Mark 9 – Do We Help People to Have Unbelief?
Do We Help People to Have Unbelief?
When people are looking for Jesus, and come to us:
• Do His people fail them and get in the way?
• Do we show how their “kind” is unwelcomed here?
• Are we concerned “sinners like them” might harm our congregation’s reputation?
• Are we cold toward them because we think they won’t fit it?
Notice this progression in scripture from Mark 9. Never before have I seen it with this meaning and application:
BIBLE: “Someone from the crowd answered him, ‘Teacher, I brought my son to you. He has a spirit that makes him unable to speak….” (CSB Mark 9:17)

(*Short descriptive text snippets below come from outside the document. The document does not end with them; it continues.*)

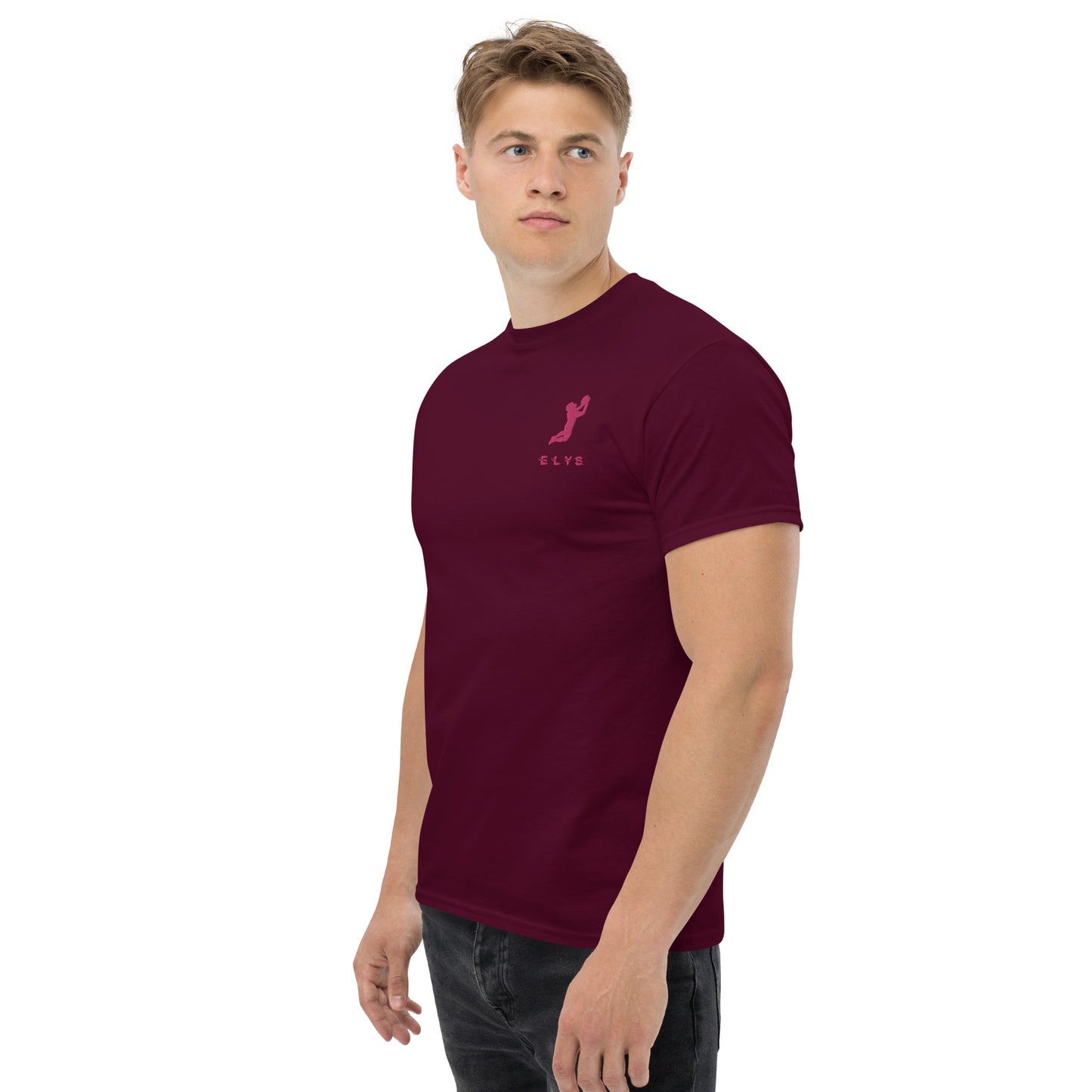 T-shirt ELYS Homme logo Rose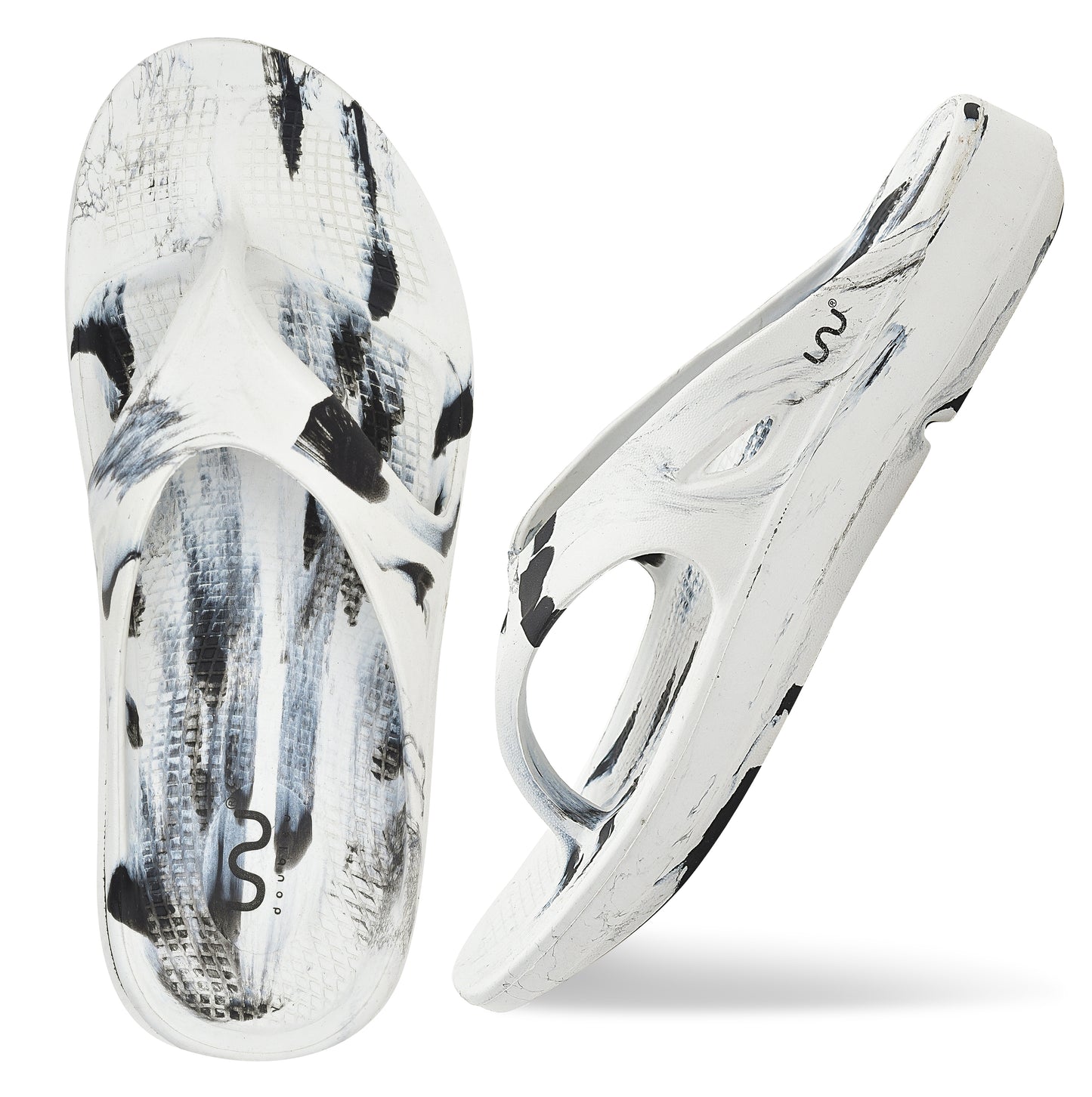 Doubleu V Shape Marble Men Soft Doctor Anti-Skid Slipper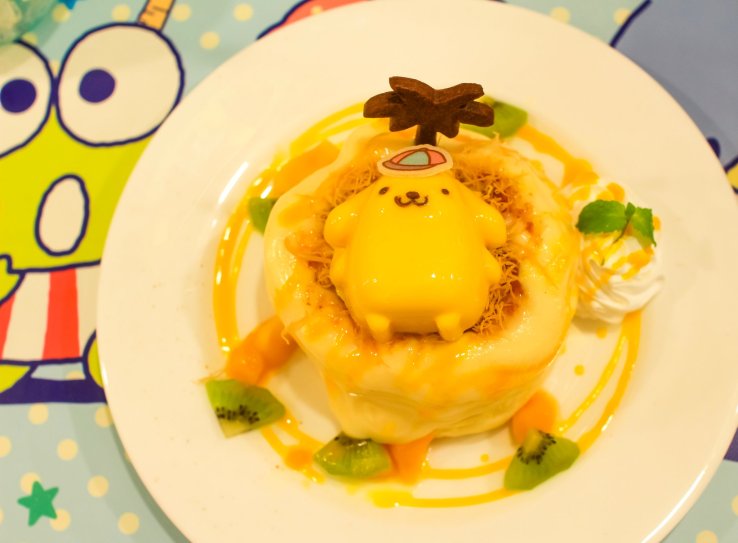 Pompompurin dessert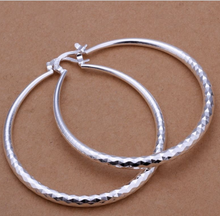 Load image into Gallery viewer, 925 Silver Exaggerated Large Hoop Earrings Hoop Earrings
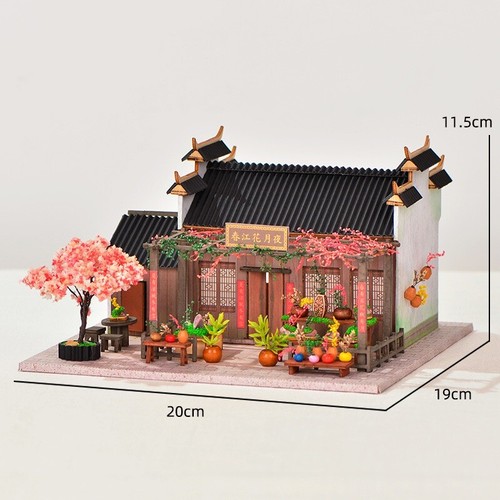 Diorama Miniature House Building Model Set LED Lighting Scene Display Model Gift - Picture 31 of 262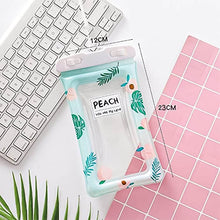 Waterproof Peach Transparent Mobile Pouch with Neck Strap (1 Pc) - dailyneed.life
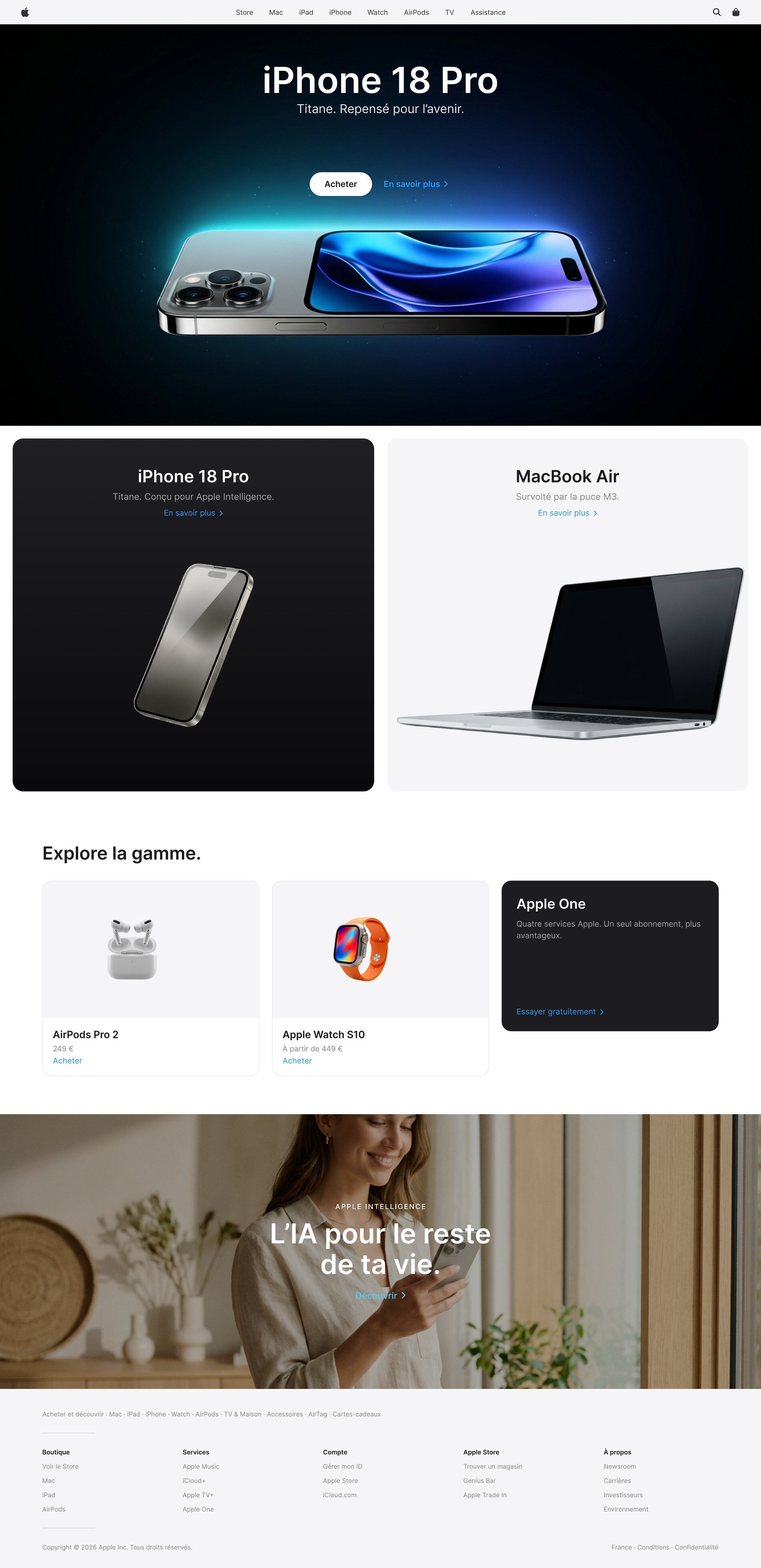 Landing Apple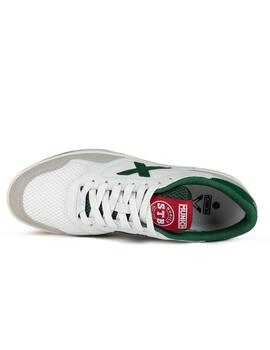 Zapatillas mnich arrow 63 blanco verde de hombre.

ME: Not seeing Jesus personally, what happens next? The father continues looking for a solution in a way that is sensible.
BIBLE: “I asked your disciples to drive it out, but they couldn’t.”” (CSB’17 Mark 9:18)
ME: Upon finally seeing Jesus, and I am skipping a few verses, notice the paradoxical response of the father. This is one of my favorite verses because it is so real and relatable:
BIBLE: “Immediately the father of the boy cried out, “I do believe; help my unbelief!”” (CSB’17 Mark 9:24)
Obviously the man believed or else he never would have come to Jesus and then His disciples. Here is what I never considered before as part of the text. What causes his unbelief? While there are other occasions causing the dissonance of belief and unbelief, contextually this passage points to one cause: Could it be Jesus’s disciples?
Consider this sobering thought: When people come to us looking for Jesus, do we increase their belief or shake or even break it? When hurting, empty, needy, distraught, rock-bottom people – the kind society has thrown away – come to find Jesus and meet us – do we help them to believe deeper, or have unbelief?